ST. JOHN’S, N.L. — A class-action lawsuit involving victims of moose-vehicle crashes in Newfoundland and Labrador boils down to whether the province has negligently failed to manage the moose population, a lawyer for the plaintiffs argued as the case began Wednesday.

Ches Crosbie said the provincial government has known for at least 10 years that moose pose a hazard on the highways but did not decide on a specific policy to reduce that risk.

“The question is, what have they done about it?” he said in provincial Supreme Court in St. John’s.

The public has a right to use the Trans-Canada Highway and other routes safely and unobstructed, Crosbie stressed. Yet virtually everyone on the island knows somebody who has had a collision, he said.

About 800 accidents or close calls have been recorded annually in recent years.
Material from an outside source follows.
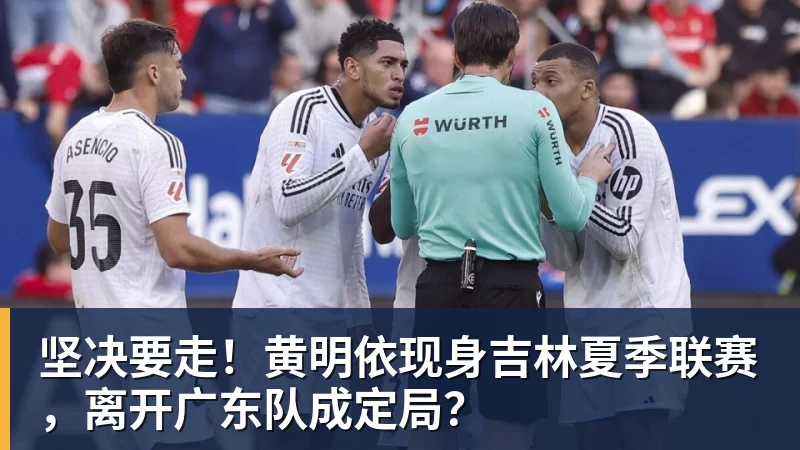 爱游戏体育坚决要走！黄明依现身吉林夏季联赛，离开广东队成定局？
The class-action includes people who were seriously injured since 2001 and several estates of those who have been killed.
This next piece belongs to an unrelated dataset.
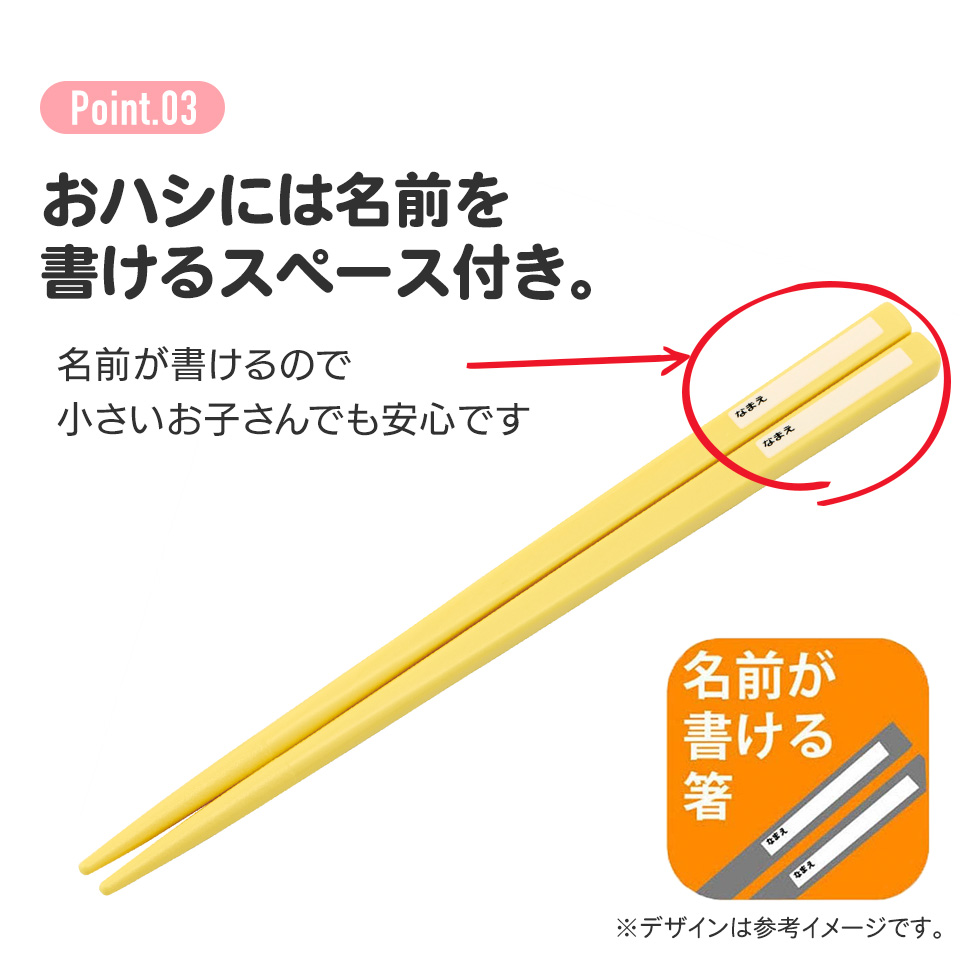 子供用 抗菌 お弁当 トリオセット 開けやすいスライド式(箸、スプーン、フォークのセット) スヌーピー 80sカフェ/TACC2AG_4973307664304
Proceedings started with Jennifer Pilgrim, who testified that her husband, Roy, died instantly of massive head injuries when his car struck a moose March 11, 2009. The father of three was getting on the Trans-Canada Highway near Bishop’s Falls in central Newfoundland when a moose sprang on to the roadway, she said.

The following day was her birthday and the couple was to celebrate their 40th anniversary in June of that year, Pilgrim said.

She said outside court that she wants the province to install moose fencing along highways across the province.

“I know they can’t do it all at once but if they do so much each year ... because I wouldn’t want to see another family go through this.”

The government has expressed condolences to victims in the past but has said it has acted.

Past measures include limited moose fencing, highway motion detection devices, roadside brush cutting and public education efforts.

Crosbie argues in an unproven statement of claim that moose are a public nuisance that the government introduced and then negligently failed to control.

Adult moose weigh between 360 and 450 kilograms — 800 to 1,000 pounds — and were brought to the island despite having “no natural predator (other than black bears which prey on very young calves),” says the statement of claim.

Collisions with the long-legged and top-heavy animals can be devastating at highway speeds of 70 to 110 kilometres an hour, it says.

“A car’s bumper and front grill typically will break the moose’s legs, causing the body of the moose to clear the car’s hood and deliver the bulk of the body weight into the windshield, crushing the windshield, front roof beams and anyone in the front seats.”